In [5]:
import pandas as pd
from pyspark.sql import SparkSession
from pyspark.sql.functions import *
from pyspark.ml.feature import  StringIndexer, OneHotEncoder, VectorAssembler
from pyspark.ml.regression import RandomForestRegressor, LinearRegression
from pyspark.ml import Pipeline, PipelineModel
from pyspark.ml.evaluation import RegressionEvaluator

# from utils import read_process_df, prepare_data, evaluate_model, train_model

In [6]:
spark = SparkSession.builder.appName('modelling').config("spark.driver.memory", "2g").getOrCreate()
spark

In [7]:
spark.conf.get("spark.driver.memory")

'2g'

In [8]:
#df.printSchema()
#df.show(5)
#df.select('VendorID').distinct().show()
#df.select('duration').summary("count", "min", "1%","25%", "50%", "75%", "95%", "98%",  "99%","max").show()

- minimum duration is -54
- max looks like heavily skewed
- lets consider minimum as 0.05 min (1 percentile) and max as 82 mins (99 percentile)

In [9]:
def read_process_df(path):
    df = spark.read.format('parquet').load(path)
    df = df.select('VendorID','lpep_pickup_datetime','lpep_dropoff_datetime','PULocationID','DOLocationID','trip_distance')
    df = df.withColumn('duration',\
        round((col('lpep_dropoff_datetime')-col('lpep_pickup_datetime'))\
        .cast("long")/60,2))
    df = df.filter(col('duration')>=0.05).filter(col('duration')<=82)
    df = df.withColumn('PU_DO',concat(col('PULocationID'),lit('_'),col('DOLocationID')))
    df = df.withColumn('pu_hour',hour(col('lpep_pickup_datetime')))
    df = df.withColumn('pu_weekday',dayofweek(col('lpep_pickup_datetime')))
    
    df = df.select('VendorID','pu_hour','pu_weekday','PU_DO', 'trip_distance','duration')
    # y = df.select('')

    print(df.count(), len(df.columns))
    return df

In [10]:
# pdf = sdf.toPandas() #.describe()
# sdf = spark.createDataFrame(pdf)

In [11]:
def prepare_data(df_processed,categorical_cols,indexer_final=None,encoder_final=None, is_test=True):
    indexers = [StringIndexer(inputCol=col,outputCol=col+'_index').fit(df_processed) for col in categorical_cols]
    if is_test:
        df_processed = df_processed.dropna(subset='duration')
        [indexer.setHandleInvalid("keep") for indexer in indexers]
    indexer_pipeline = Pipeline(stages=indexers)
    if indexer_final==None:
        indexer_final = indexer_pipeline.fit(df_processed)
    
    indexed_df = indexer_final.transform(df_processed)

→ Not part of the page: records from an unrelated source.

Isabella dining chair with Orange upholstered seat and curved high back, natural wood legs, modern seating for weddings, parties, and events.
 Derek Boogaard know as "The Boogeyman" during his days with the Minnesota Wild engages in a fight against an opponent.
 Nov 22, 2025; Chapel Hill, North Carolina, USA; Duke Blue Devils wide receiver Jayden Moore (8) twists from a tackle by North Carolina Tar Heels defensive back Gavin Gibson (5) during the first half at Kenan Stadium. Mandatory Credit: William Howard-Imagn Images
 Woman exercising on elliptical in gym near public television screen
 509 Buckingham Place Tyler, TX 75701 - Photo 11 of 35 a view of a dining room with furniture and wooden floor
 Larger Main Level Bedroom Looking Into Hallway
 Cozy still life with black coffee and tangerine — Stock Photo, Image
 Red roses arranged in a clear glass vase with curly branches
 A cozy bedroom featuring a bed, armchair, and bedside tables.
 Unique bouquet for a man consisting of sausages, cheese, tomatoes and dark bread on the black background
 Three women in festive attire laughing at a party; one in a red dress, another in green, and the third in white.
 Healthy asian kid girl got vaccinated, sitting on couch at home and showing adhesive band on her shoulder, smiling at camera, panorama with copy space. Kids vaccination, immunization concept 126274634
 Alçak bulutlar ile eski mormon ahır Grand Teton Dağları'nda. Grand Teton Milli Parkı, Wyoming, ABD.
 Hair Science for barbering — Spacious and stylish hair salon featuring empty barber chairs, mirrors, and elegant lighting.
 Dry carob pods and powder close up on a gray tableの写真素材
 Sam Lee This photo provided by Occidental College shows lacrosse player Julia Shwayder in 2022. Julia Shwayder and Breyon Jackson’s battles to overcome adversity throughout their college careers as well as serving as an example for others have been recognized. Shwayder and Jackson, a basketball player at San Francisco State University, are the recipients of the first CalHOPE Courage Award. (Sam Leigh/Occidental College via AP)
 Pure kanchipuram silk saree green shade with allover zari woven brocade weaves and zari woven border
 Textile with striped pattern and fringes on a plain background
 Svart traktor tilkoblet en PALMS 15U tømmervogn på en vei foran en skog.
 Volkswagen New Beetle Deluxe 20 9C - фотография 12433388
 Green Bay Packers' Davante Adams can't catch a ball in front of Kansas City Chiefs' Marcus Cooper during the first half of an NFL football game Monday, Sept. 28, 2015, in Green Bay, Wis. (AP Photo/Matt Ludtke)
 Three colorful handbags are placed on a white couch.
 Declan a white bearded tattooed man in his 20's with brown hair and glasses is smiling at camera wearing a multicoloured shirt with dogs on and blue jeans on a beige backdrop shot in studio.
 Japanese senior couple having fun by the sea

    encoder = [OneHotEncoder(inputCol=col+'_index',outputCol=col+'_onehot') for col in categorical_cols]
    encoder_pipeline = Pipeline(stages = encoder)
    if encoder_final==None:
        encoder_final = encoder_pipeline.fit(indexed_df)
    encoded_df = encoder_final.transform(indexed_df)
    
    return encoded_df, indexer_final, encoder_final
    

In [12]:
def train_model(encoded_df,feature_cols,label_col,regressor = LinearRegression):
    assembler = VectorAssembler(inputCols = feature_cols, outputCol = 'features')
    regressor = regressor(featuresCol = 'features', labelCol= label_col )
    pipeline = Pipeline(stages = [assembler,regressor])
    model = pipeline.fit(encoded_df)
    return model

In [13]:
def evaluate_model(model,encoded_df,label_col,metric='rmse'):
    predictions = model.transform(encoded_df)
    evaluator = RegressionEvaluator(labelCol=label_col,predictionCol='prediction',metricName=metric)
    out = evaluator.evaluate(predictions)
    print(f"{metric}  : {out}")
    
    return out


In [14]:
df_train_processed = read_process_df('/home/abhishek-wsl/codes/MLops_project/data/*.parquet')
df_test_processed1 = read_process_df('/home/abhishek-wsl/codes/MLops_project/data/test_data/green_tripdata_2022-01.parquet')
df_test_processed2 = read_process_df('/home/abhishek-wsl/codes/MLops_project/data/test_data/green_tripdata_2023-01.parquet')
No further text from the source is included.